Starting with the line that contains "Prior to becoming" and stopping after the line that contains "Vaser Back Liposcution", return each line below exactly as written, with no others.

**Source information**
# # # # #

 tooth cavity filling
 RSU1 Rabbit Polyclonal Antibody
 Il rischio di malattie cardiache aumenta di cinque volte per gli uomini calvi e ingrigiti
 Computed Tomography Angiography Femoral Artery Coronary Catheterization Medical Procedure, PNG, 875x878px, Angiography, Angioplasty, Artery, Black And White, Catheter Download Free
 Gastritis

# # # # #

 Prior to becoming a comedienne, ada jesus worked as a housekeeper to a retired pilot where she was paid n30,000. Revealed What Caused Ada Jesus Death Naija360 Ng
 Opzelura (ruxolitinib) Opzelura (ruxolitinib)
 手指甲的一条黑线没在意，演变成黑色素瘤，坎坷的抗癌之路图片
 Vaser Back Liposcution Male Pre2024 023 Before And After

# # # # #

**Output for this exercise**
 Prior to becoming a comedienne, ada jesus worked as a housekeeper to a retired pilot where she was paid n30,000. Revealed What Caused Ada Jesus Death Naija360 Ng
 Opzelura (ruxolitinib) Opzelura (ruxolitinib)
 手指甲的一条黑线没在意，演变成黑色素瘤，坎坷的抗癌之路图片
 Vaser Back Liposcution Male Pre2024 023 Before And After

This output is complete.